Minaccia nucleare della Corea del Nord e rapporti commerciali degli Stati Uniti con la Cina, il Giappone, la Corea del Sud e tutta l’area del Sud-Est asiatico. Questi i temi centrali del primo viaggio istituzionale in Asia del presidente americano Donald Trump in corso in questi giorni. Da una parte, infatti, il presidente statunitense è impegnato a fare terra bruciata attorno al regime nordcoreano invitando i leader asiatici a isolare il governo di Kim Jong-un, dall’altra, persegue l’interesse a promuovere la propria agenda commerciale e di investimenti in terra asiatica.

Prima tappa del viaggio è stato il Giappone, dove Trump si è trovato subito in sintonia con il primo ministro Shinzo Abe, che aveva impostato la recente campagna elettorale proprio sulla necessità di rimuovere il pacifismo costituzionale e di provvedere alla sicurezza del Paese davanti alla minaccia nordcoreana. Dopo aver portato la sua solidarietà ai familiari di alcuni cittadini giapponesi rapiti da spie di Pyŏngyang, Trump ha promesso al Giappone nuove armi per poter proteggere dai missili nordcoreani gli obiettivi più sensibili. La scorsa estate, infatti, due di questi missili provenienti dalla Corea del Nord avevano sorvolato l’isola di Hokkaido. Dal punto di vista commerciale, invece, non ha risparmiato accuse al Giappone, reo di portare avanti la Trans-Pacific Partnership (TPP) con undici Paesi dell’area pacifica e asiatica nonostante il ritiro americano dall’accordo.

Dopo il Giappone è stata la volta della Corea del Sud, la tappa più breve del soggiorno asiatico, ma non meno importante delle altre. La capitale Seul si trova, infatti, a soli 50 chilometri dal 38° parallelo, dove è schierata l’artiglieria nucleare nordcoreana. Davanti al presidente Moon Jae-in Trump si è dimostrato ottimista sulla possibilità che la Corea del Nord decida infine di sedersi a un tavolo negoziale e ha inteso far capire che qualcosa in tal senso si sta muovendo. In molti sostengono però che si sia trattato solo di un tentativo volto a rassicurare l’alleato e con, forse, un non trascurabile secondo fine: ridurre l’avanzo commerciale coreano nei confronti degli Stati Uniti. Non è infatti un segreto che la vendita di costosi scudi antimissile al Giappone e alla Corea del Sud serve non soltanto a difendere gli alleati dalla minaccia nordcoreana ma anche a potenziare l’economia americana e a salvare tanti posti di lavoro.

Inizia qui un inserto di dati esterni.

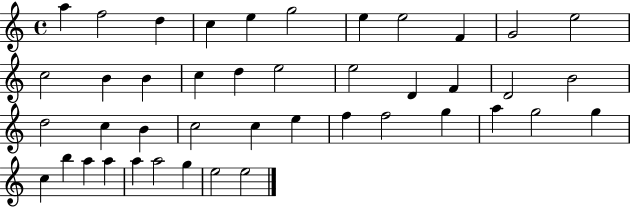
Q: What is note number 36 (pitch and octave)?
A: B5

In seguito Trump si è recato in Cina, dove ha ricevuto un’accoglienza “imperiale” da parte del presidente cinese Xi Jinping. Primo tema sul tavolo è stato la richiesta da parte del presidente statunitense di isolare completamente la Corea del Nord, richiesta rispetto alla quale Xi Jinping non ha fatto aperture. Non sembra infatti disposto a interrompere la fornitura di beni e finanziamenti al regime di Kim Jong-un. È però vero anche che la leadership cinese è consapevole che una guerra in Corea del Nord avrebbe effetti drammatici per la Cina, anche per l’ondata di profughi che con ogni probabilità arriverebbe da Pyŏngyang. Da qui la disponibilità del presidente cinese a lavorare per “denuclearizzare” la penisola coreana attraverso le sanzioni ONU e il dialogo. Sul fronte economico, dopo aver siglato insieme a Xi Jinping accordi commerciali per un valore di 250 miliardi di dollari, Trump ha denunciato il grande squilibrio nel registro degli scambi con la Cina, a suo dire pari a 500 miliardi di dollari annui (in realtà sarebbero 347), scaricando le colpe di questo disavanzo sull’amministrazione Obama.

Prossime tappe del viaggio asiatico di Trump saranno il Vietnam e le Filippine, dove il tema centrale dei colloqui saranno le ripercussioni sulle due controparti dell’uscita degli Stati Uniti dal TPP. Trump proverà a rassicurare i suoi interlocutori garantendo il rispetto degli impegni commerciali e finanziari e confermando la volontà americana di lavorare per controbilanciare l’influenza cinese nel Sud-Est asiatico.